- Abbreviation: UPM
- Founder: Yoweri Museveni
- Founded: 1980
- Dissolved: 1986
- Split from: Uganda People's Congress
- Merged into: National Resistance Movement
- Ideology: Socialism Maoism Anti-Sovietism Anti-Obotism
- Political position: Far-left

= Uganda Patriotic Movement =

Defunct political party in Uganda

The Uganda Patriotic Movement (UPM) was a socialist political party in Uganda that played a crucial role in the country's political transition during the 1980s. Founded by Yoweri Museveni as a left-wing splinter group from the Uganda People's Congress (UPC), the UPM represented an alternative political vision that would eventually evolve into the National Resistance Movement.

== Formation and political context ==
The Uganda Patriotic Movement emerged from growing dissatisfaction within the Uganda People's Congress during the late 1970s and early 1980s. The party was founded as a response to what its leaders perceived as the UPC's failure to address Uganda's fundamental political and economic challenges following the overthrow of Idi Amin in 1979. It was a left-wing splinter group from the Uganda People's Congress (UPC). Yoweri Museveni, who would later become Uganda's long-serving president, established the UPM as a vehicle for his political ambitions and ideological vision.

The formation of the UPM reflected broader tensions within Uganda's political landscape during the transitional period following Amin's regime. The movement represented a left-wing alternative to the established political parties and advocated for socialist principles and revolutionary change in Uganda's political and economic systems.

== 1980 Elections and political participation ==
The Uganda Patriotic Movement participated in the December 1980 Ugandan general election, which were ultimately won by Milton Obote's Uganda People's Congress. The UPM's participation in these elections marked its attempt to achieve political change through democratic means, though the party's electoral performance was limited compared to the established political parties.

The 1980 elections were significant in Uganda's political history, as they represented the first attempt at democratic transition following the Amin dictatorship. The UPM's participation demonstrated its initial commitment to democratic processes, even as the party would later abandon electoral politics in favor of armed resistance.

== Transformation and legacy ==
Following the disputed 1980 elections, the Uganda Patriotic Movement evolved into the National Resistance Movement (NRM), which launched a guerrilla war against the Obote government through its military wing, the National Resistance Army (NRA). This transformation marked a fundamental shift from electoral politics to armed resistance, ultimately leading to the NRM's victory in 1986 and Museveni's rise to power.

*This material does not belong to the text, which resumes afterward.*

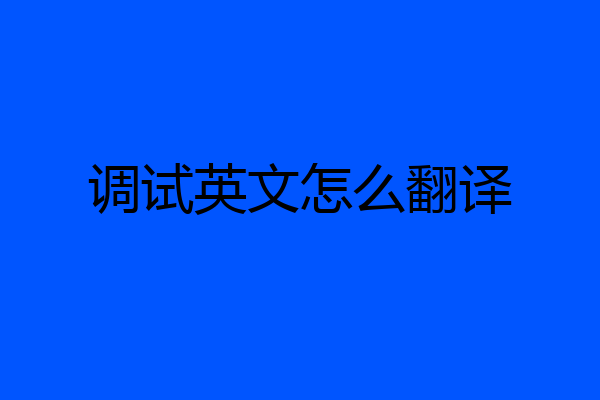 调试英文怎么翻译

The UPM's brief existence represents a crucial transitional period in Uganda's political development, bridging the gap between the post-Amin chaos and the eventual establishment of the NRM government. The party's socialist ideology and revolutionary approach to political change influenced the early policies and rhetoric of the NRM, even as the latter movement would eventually adopt more pragmatic and market-oriented approaches to governance. The UPM's legacy is thus intimately connected to the broader story of Uganda's political transformation under Museveni's leadership, which began with the formation of this now-defunct socialist party.

The UPM has never been withdrawn by the Uganda Electoral Commission. Despite being dormant with no political activity since 1984. the party still legally exists.